Tokenization is the process of taking text (such as a sentence) and breaking it into individual terms (usually words) on the basis of delimiter.
Use-Case
User wants to extract the hashtags from the twitter feeds.User would tokenize the words based on space and then can identify the words that start with hashtags
Input source:
topic
sentence
cask
cask is #data application #platform
Tokenizer:
User wants to tokenize the sentence data using “” as a pattern
Output:
words
[cask,is,#data,application,#platform]
User Stories
As a Hydrator user,I want to tokenize the data in a column from source schema and output the tokens into output schema which will have a single column having tokenized data.
As a Hydrator user I want to have configuration for specifying the column name from input schema on which tokenization has to be performed.
As a Hydrator user I want to have configuration to specify the delimiter which could be used for tokenization.
As a Hydrator user I want to have configuration to specify output column name wherein tokenized data will be emitted.
Conditions
Source field ,to be tokenized,can be of only string type.
User can tokenize single column only from the source schema.

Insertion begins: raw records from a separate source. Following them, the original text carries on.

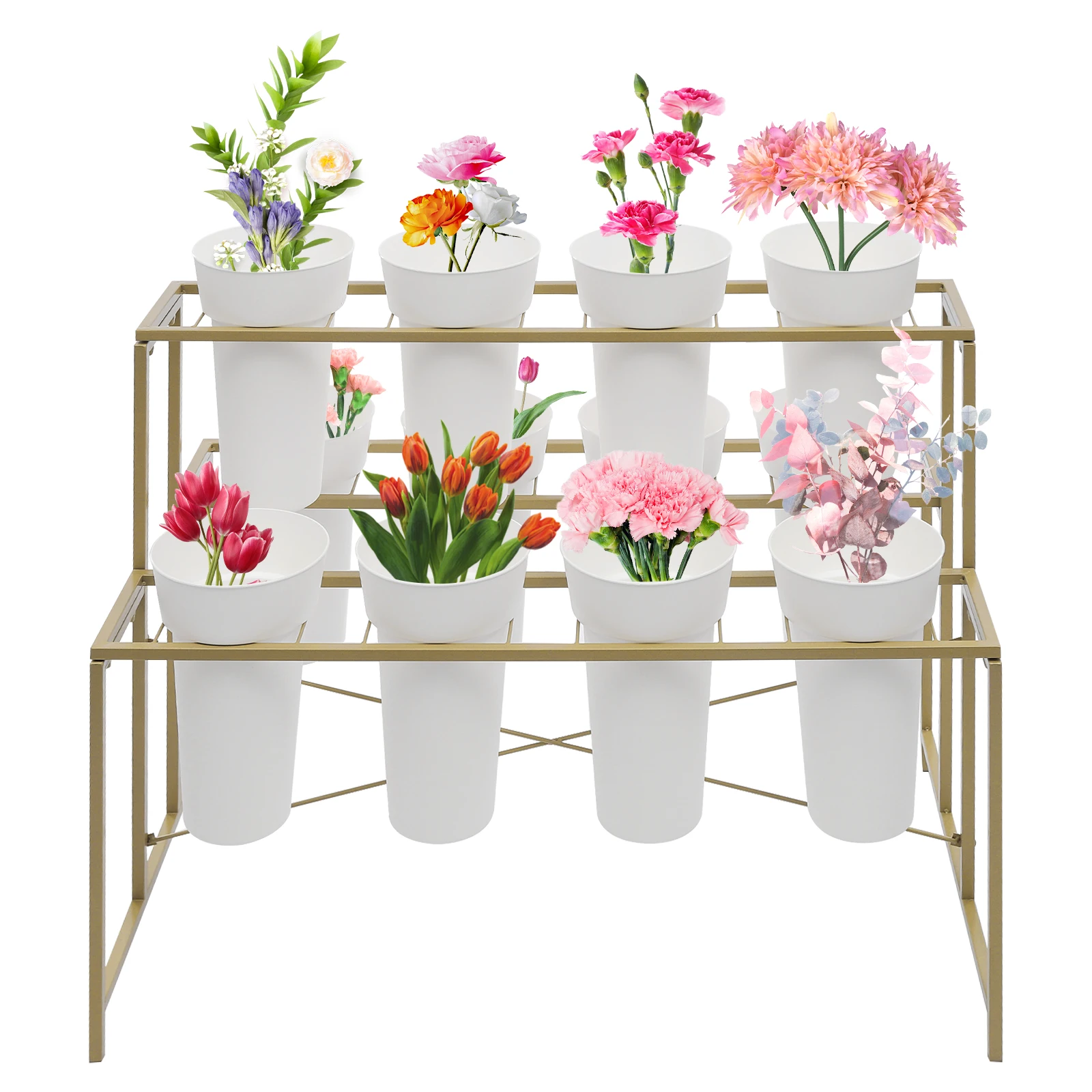 Metal Flower Display Stand 3 Layers 12 Barrels Plant Stand with Buckets 25kg Load Capacity for Florists/Gardens/Parks/Exhibitions/Farms/Shops Easy to Clean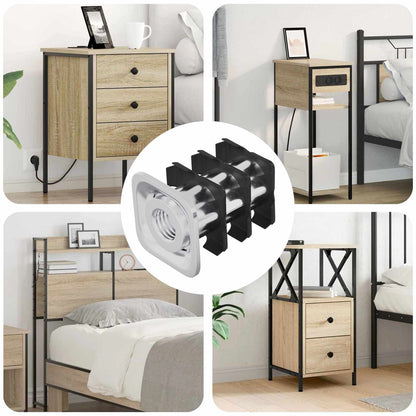 Inserto per tubo filettato 12 pcs Nero e Argento | homemem39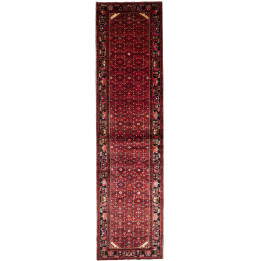 Hand Made Rug Hamadan Persia 120x480 Dark Red B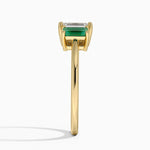 Luxe Rhiannon Three Stone Lab Emerald Ring Yellow Gold 18k Emerald Engagement Ring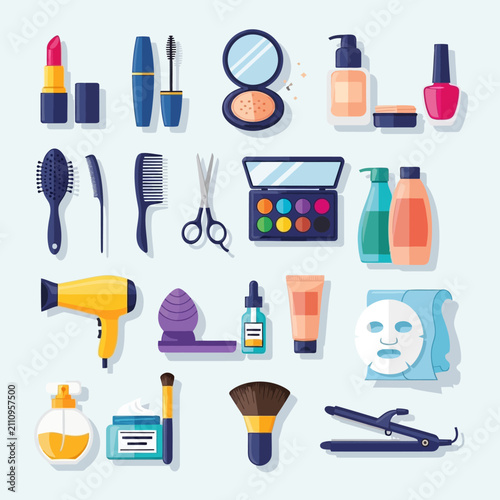 Hair salon and makeup kit equipment icons.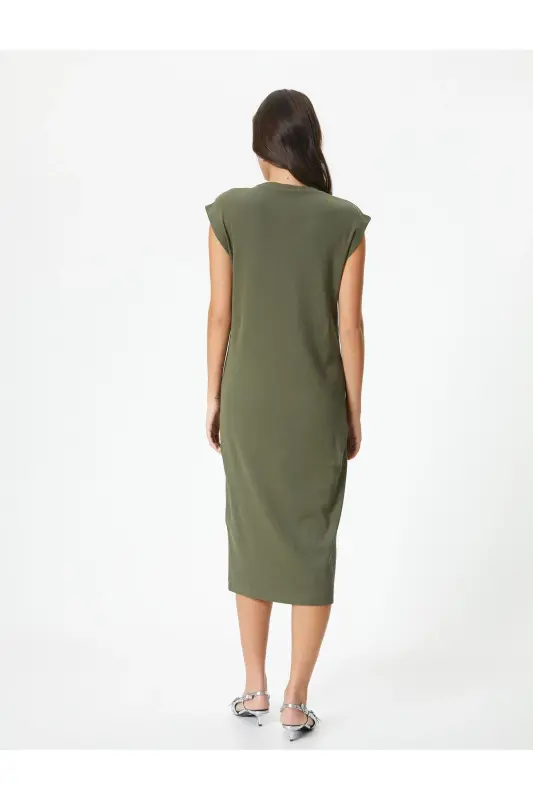 Midi Bodycon Koʻylak Qisqa Yengli Velosiped Yoqali Fitilli-Xaki - 4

Output schema will have a single column of type string array.
Example
Input source:
topic
sentence
Java
Hello world / is the /basic application
HDFS
HDFS/ is a /file system
Spark
Spark /is engine for /bigdata processing
Tokenizer:
User wants to tokenize the sentence data using “/” as a delimiter
Mandatory inputs from user:
Column on which tokenization to be done:”sentence”
Delimiter for tokenization:”/”
Output column name for tokenized data:”words”
Tokenizer plugin will tokenize “sentence” data from input source and put tokenized data in “words” in output.
Output:
words
[hello world, is the, basic application]
[hdfs, is a ,file system]
[spark ,is engine for ,bigdata processing]
Design
This is a sparkcompute type of plugin and is meant to work with Spark only.
Properties:
columnToBeTokenized :Column name on which tokenization is to be done
delimiter:Delimiter for tokenization
outputColumn:Output column name for tokenized data